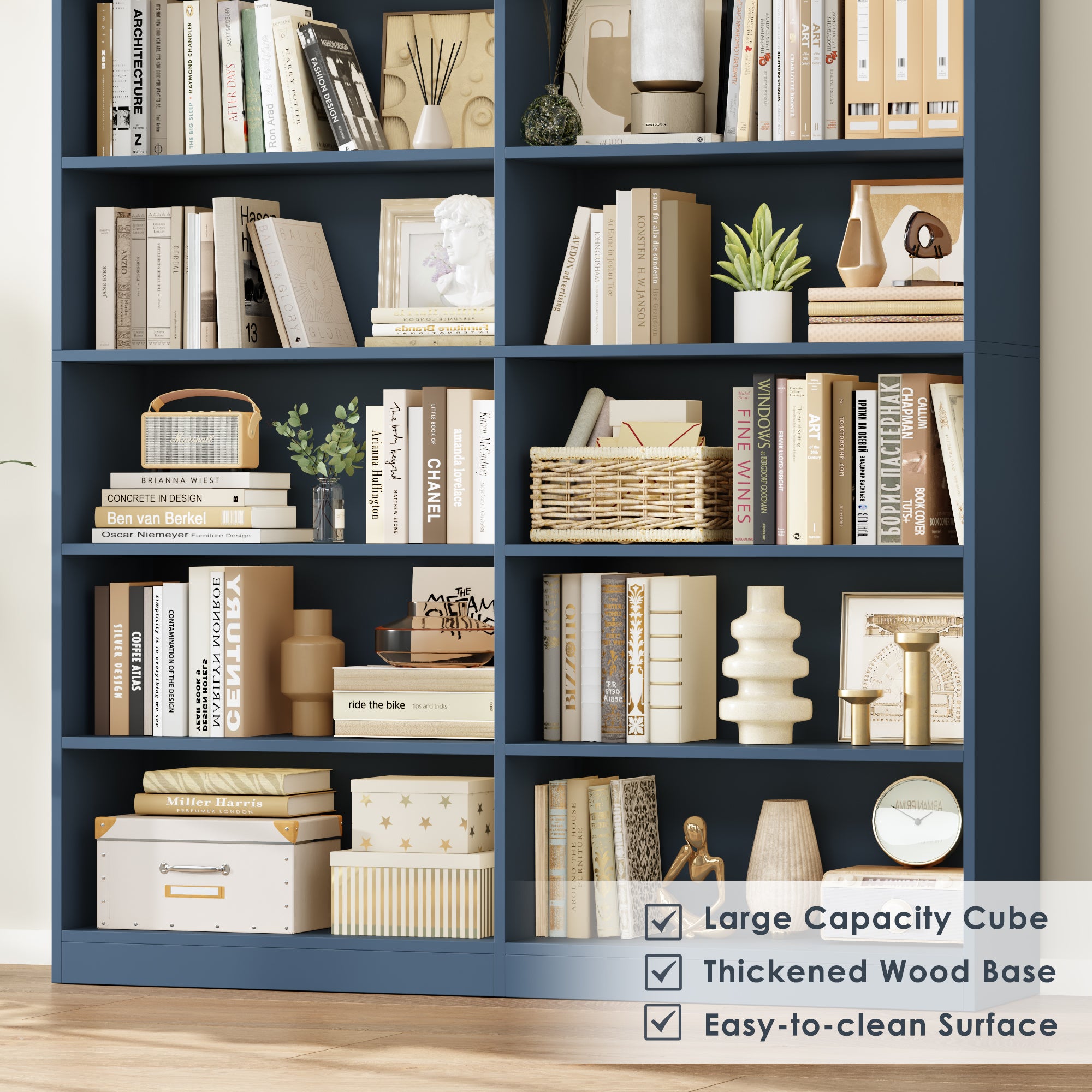 Hiphuta 84"H Wooden Double 7-Tier Tall Bookcase, Standard Bookcase for Living Room and Office, Freestanding Display Storage Shelves, Blue
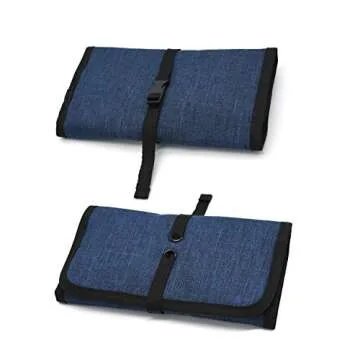 patu Roll Up Electronics Accessories Travel Gear Organizer Case, Portable Universal External Batteries Hard Drives Cables Cosmetics Kit Bag, Navy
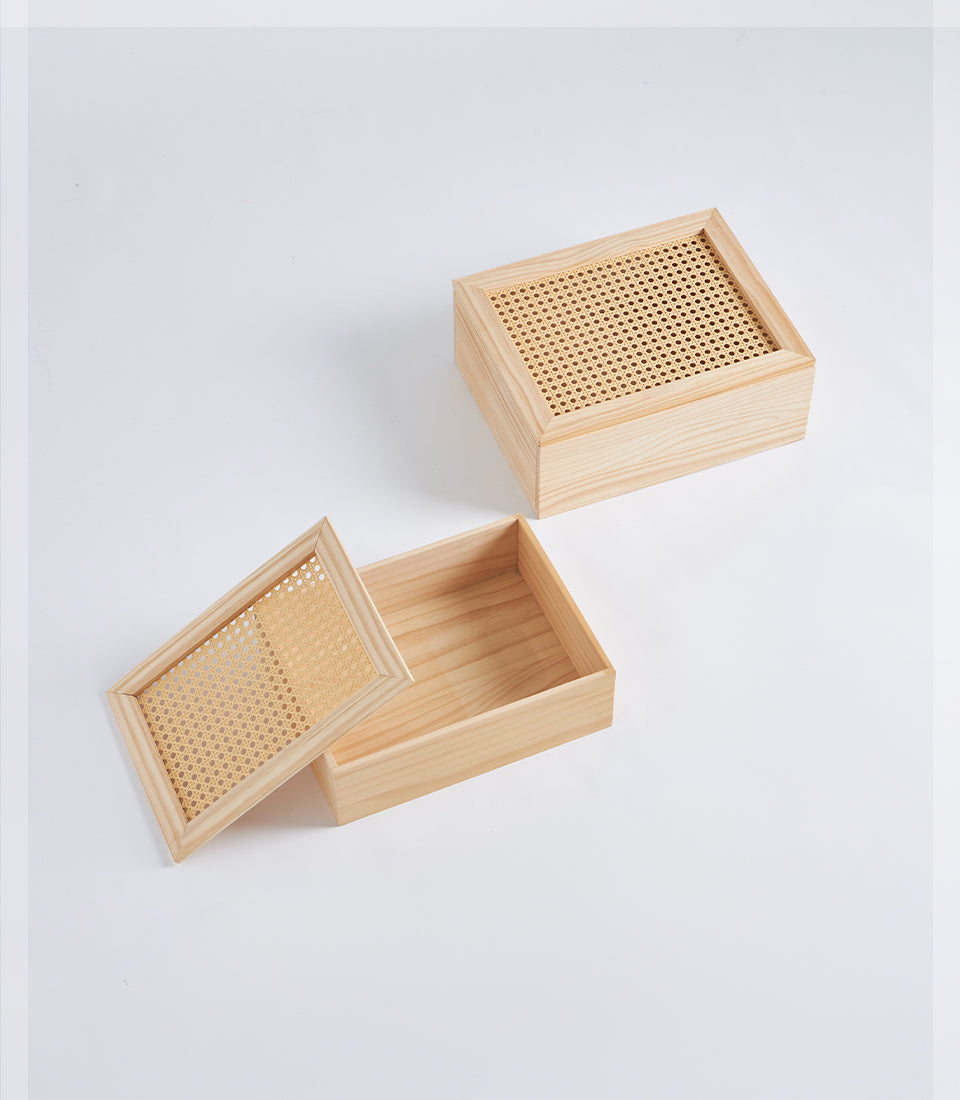 Rectangular Wood and Wicker Gift Box with Lid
————
**Task item**
Output the data verbatim, images excluded.

**Task solution**
 Hiphuta 84"H Wooden Double 7-Tier Tall Bookcase, Standard Bookcase for Living Room and Office, Freestanding Display Storage Shelves, Blue
 patu Roll Up Electronics Accessories Travel Gear Organizer Case, Portable Universal External Batteries Hard Drives Cables Cosmetics Kit Bag, Navy
 Rectangular Wood and Wicker Gift Box with Lid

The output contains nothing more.